Since the price is determined at the time a purchase order is
accepted, the Company is exposed to the risks of fluctuations in
the foreign currency-U.S. Dollar exchange rates during the lengthy
period from purchase order to ultimate payment. This exchange rate
risk is partially offset to the extent that the Company’s
subsidiaries incur expenses payable in their local currency. To
date, the Company has not invested in instruments designed to hedge
currency risks. In addition, the Company’s subsidiaries
typically carry debt or other obligations due to the Company that
may be denominated in either their local currency or U.S. Dollars.
Since the Company’s subsidiaries’ financial statements
are based in their local currency and the Company’s condensed
consolidated financial statements are based in U.S. Dollars, the
Company’s subsidiaries and the Company recognize foreign
exchange gains or losses in any period in which the value of the
local currency rises or falls in relation to the U.S. Dollar. A 10%
decrease in the value of the subsidiaries’ local currency as
compared with the U.S. Dollar would not be expected to result in a
significant change to the Company’s net income or loss. There
have been no material changes in our risk exposure since the end of
the last fiscal year, nor are any material changes to our risk
exposure anticipated.
Item 4.
CONTROLS AND PROCEDURES
EVALUATION
OF DISCLOSURE CONTROLS AND PROCEDURES. Our management evaluated,
with the participation of our Chief Executive Officer and our Chief
Financial Officer, the effectiveness of our disclosure controls and
procedures, as defined in Rules 13a-15(e) and 15d-15(e) under the
Exchange Act, as of the end of the period covered by this Quarterly
Report on Form 10-Q. Based on this evaluation, our Chief Executive
Officer and our Chief Financial Officer have concluded that our
disclosure controls and procedures are effective to ensure that
information we are required to disclose in reports that we file or
submit under the Securities and Exchange Act of 1934, as amended,
is recorded, processed, summarized and reported within the time
periods specified in the SEC rules and forms, and that such
information is accumulated and communicated to management as
appropriate to allow for timely decisions regarding required
disclosure.
CHANGES
IN INTERNAL CONTROLS OVER FINANCIAL REPORTING. There was no change
in our internal control over financial reporting, as defined in
Rules 13a-15(f) and 15d-15(f) under the Exchange Act, that occurred
during the period covered by this Quarterly Report on Form 10-Q
that has materially affected, or is reasonably likely to materially
affect, our internal control over financial reporting.
INHERENT
LIMITATIONS OF INTERNAL CONTROLS. Our management, including our
Chief Executive Officer and Chief Financial Officer, does not
expect that our disclosure controls and procedures or our internal
controls will prevent all error and all fraud. A control system, no
matter how well conceived and operated, can provide only
reasonable, not absolute, assurance that the objectives of the
control system are met. Because of the inherent limitations in all
control systems, no evaluation of controls can provide absolute
assurance that all control issues and instances of fraud, if any,
within us have been detected. These inherent limitations include
the realities that judgments in decision-making can be faulty, and
that breakdowns can occur because of a simple error or mistake.

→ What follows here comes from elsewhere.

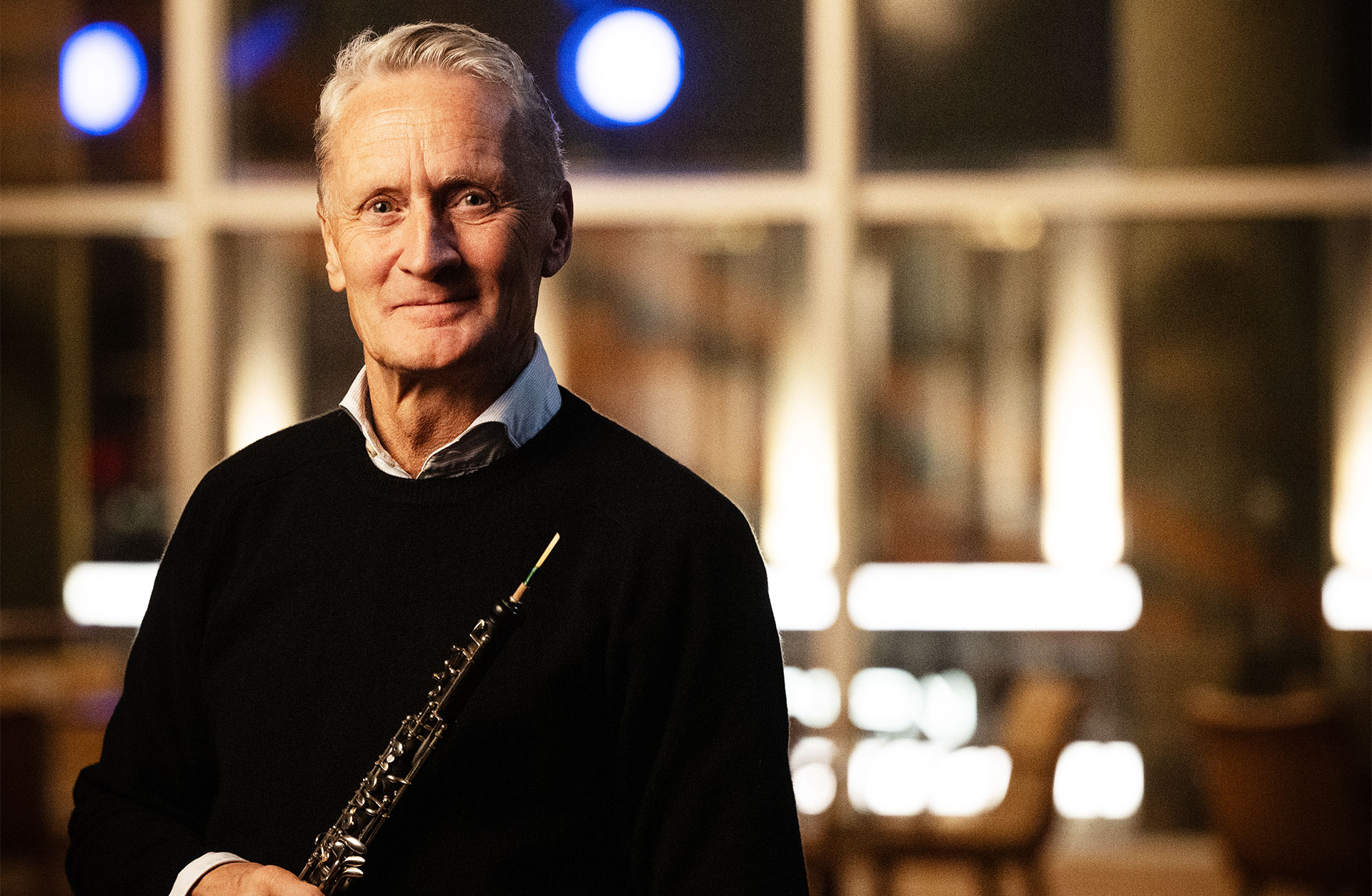 Mårten Larsson, en kortklippt man i 60-årsåldern tittar in i kameran och håller sin oboe.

Additionally, controls can be circumvented by the individual acts
of some persons, by collusion of two or more people, or by
management override of the control. The design of any system of
controls also is based in part upon certain assumptions about the
likelihood of future events, and there can be no assurance that any
design will succeed in achieving our stated goals under all
potential future conditions. Over time, controls may become
inadequate because of changes in conditions, or the degree of
compliance with the policies or procedures may deteriorate. Because
of the inherent limitations in a cost-effective control system,
misstatements due to error or fraud may occur and not be
detected.
PART II
- OTHER INFORMATION
Item 1.
LEGAL PROCEEDINGS
None.
Item
1A. RISK FACTORS
You
should carefully consider the risks described below. These risks
are not the only risks that we may face. Additional risks and
uncertainties that we are unaware of, or that we currently deem
immaterial, also may become important factors that affect us. If
any of the following risks occur, our business, financial condition
or results of operations could be materially and adversely affected
which could cause our actual operating results to differ materially
from those indicated or suggested by forward-looking statements
made in this Quarterly Report on Form 10-Q and in other documents
we filed with the U.S. Securities and Exchange Commission,
including without limitation our most recently filed Annual Report
on Form 10-K or presented elsewhere by management from time to
time.
If we are not able to reduce our operating expenses sufficiently
during periods of weak revenue, or if we utilize significant
amounts of cash to support operating losses, we may erode our cash
resources and may not have sufficient cash to operate our
business.
In
recent years, in the face of a downturn in our business and a
decline in our net sales, we implemented a variety of cost controls
and restructured our operations with the goal of reducing our
operating costs to position ourselves to more effectively meet the
needs of the then weak market for test and burn-in equipment. While
we took significant steps to minimize our expense levels and to
increase the likelihood that we would have sufficient cash to
support operations during the downturn, from fiscal 2009 through
fiscal 2016, with the exception of fiscal 2014, we experienced
operating losses. The Company anticipates that the existing cash
balance together with income from operations, collections of
existing accounts receivable, revenue from our existing backlog of
products, the sale of inventory on hand, and deposits and down
payments against significant orders will be adequate to meet its
short-term working capital and capital equipment requirements. The
Company extended the maturity date of its 9.0% Convertible Secured
Notes due 2017 (the “Convertible Notes”) to April 10,
2019 which improves our ability to meet current liabilities for
fiscal 2017. Refer to Note 11 of Notes to Condensed Consolidated
Financial Statements, “LONG-TERM DEBT” for further
discussion of the Convertible Notes. Depending on our rate of
growth and profitability, and our ability to obtain significant
orders with down payments, we may require additional equity or debt
financing to meet our working capital requirements or capital
equipment needs. There can be no assurance that additional
financing will be available when required, or if available, that
such financing can be obtained on terms satisfactory to the
Company.
Our common stock may be delisted from The NASDAQ Capital Market if
we cannot maintain compliance with NASDAQ’s continued listing
requirements.
In
order to maintain our listing on The NASDAQ Capital Market, we are
required to maintain compliance with NASDAQ’s continued
listing requirements. The continued listing requirements include,
among others, a minimum bid price of $1.00 per share and any of:
(i) a minimum stockholders’ equity of $2.5 million; (ii) a
market value of listed securities of at least $35 million; or (iii)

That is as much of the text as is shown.